I knew I couldn’t put across an explanation, but perhaps I could at least put across the impression that I think I know what I’m talking about. “It comes down to a difference between English and Hebrew,” I said. “The word ‘it,’ in the objective case, can serve as a relative pronoun in Hebrew but not in English.”
She looked at me a moment. Then she said ambiguously, “My boss remembers you from Scitex,” and she left.
Botched grammatical links are widespread, even apart from Hebrew-inspired clauses like “the necktie that you’re wearing it,” where “that” fills the role of relative pronoun and “it” remains unable to participate in the same role. I’ve collected a few examples of one error that seems to be contagious among sentences that start with “For.”
“For each row, enter its values as follows,” said one spec that crossed my desk.
Commenting on the successor to Christopher Reeve as the movies’ Superman, a Houston Chronicle article says: “For millions of fans, Reeve is their Superman.”
In the Jerusalem Post, Michael Freund writes: “For some, particularly those on the Left, the encirclement of Israel by hostile forces is what underlies their determination to reach a final deal as quickly as possible with Mahmoud Abbas.”
In each of those three cases, a possessive pronoun superfluously attributes the noun (“its values,” “their Superman,” “their determination”) to the noun to which the word “For” has already, in its own way, attributed it. If I have my linguistics jargon straight, the noun is thus doubly determined.

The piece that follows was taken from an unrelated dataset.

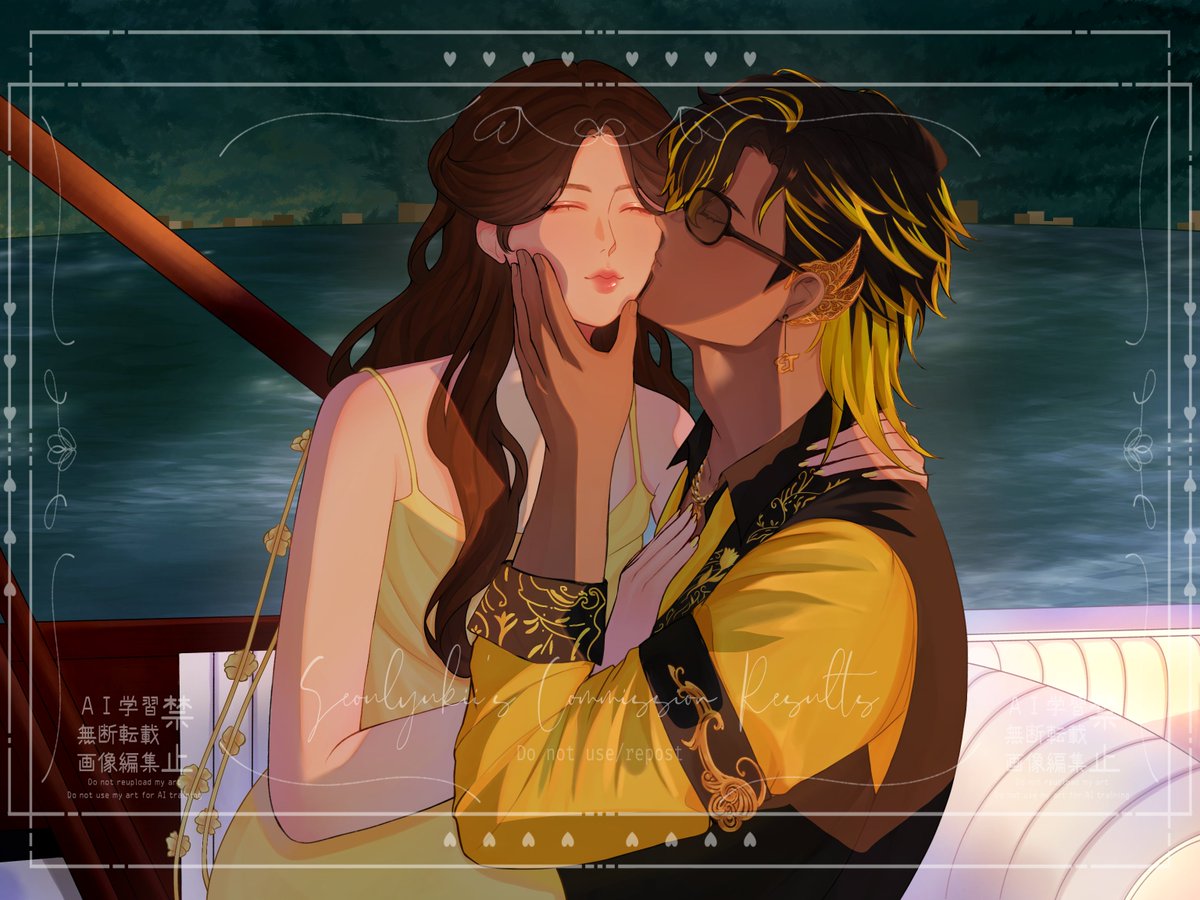 yuki|| closed📌 tweet media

It would have been enough to say “For millions of fans, Reeve is Superman;” or “Reeve is the Superman of millions of fans.” From one point of view, the redundant version — “For millions of fans, Reeve is their Superman” — seems to violate the author’s intent by hinting at an alternative, as if while for millions of fans Reeve may be their Superman, another actor may be the Superman of those same fans for somebody else. (The fashionable philosophy that there is no universal truth, but only a truth for me and a truth for you, may have slipped out of control there, as well as elsewhere.)
From another point of view, the problem is that the possessive pronoun can’t properly refer back to the object of the preposition (for example, “their” can’t refer back to “millions of fans”) because the prepositional phrase is a little realm of its own at the start of the sentence, serving as a whole to modify the rest of the sentence as a whole, and a noun from elsewhere in the sentence can’t just break through the phrase’s perimeter and pick out an individual word to relate to.
On the copyeditors’ list back in 2005, a practice question for the Scholastic Aptitude Test raised eyebrows by evidently expecting the student to flag an antecedent as improper not because it was in a prepositional phrase but because it was in the possessive case. “Shel Silverstein’s books can be easily identified by the black-and-white cartoon-style drawings he created to accompany his writing.” The idea is that “he” can’t refer back to Silverstein because Silverstein has taken the form of a possessive adjective. Wikipedia says: “This rule does not reflect ordinary English usage, and it is commonly ignored (intentionally or otherwise) even by those who have heard of it.”
So now you’ve heard of it too. But do be careful of the prepositional phrases.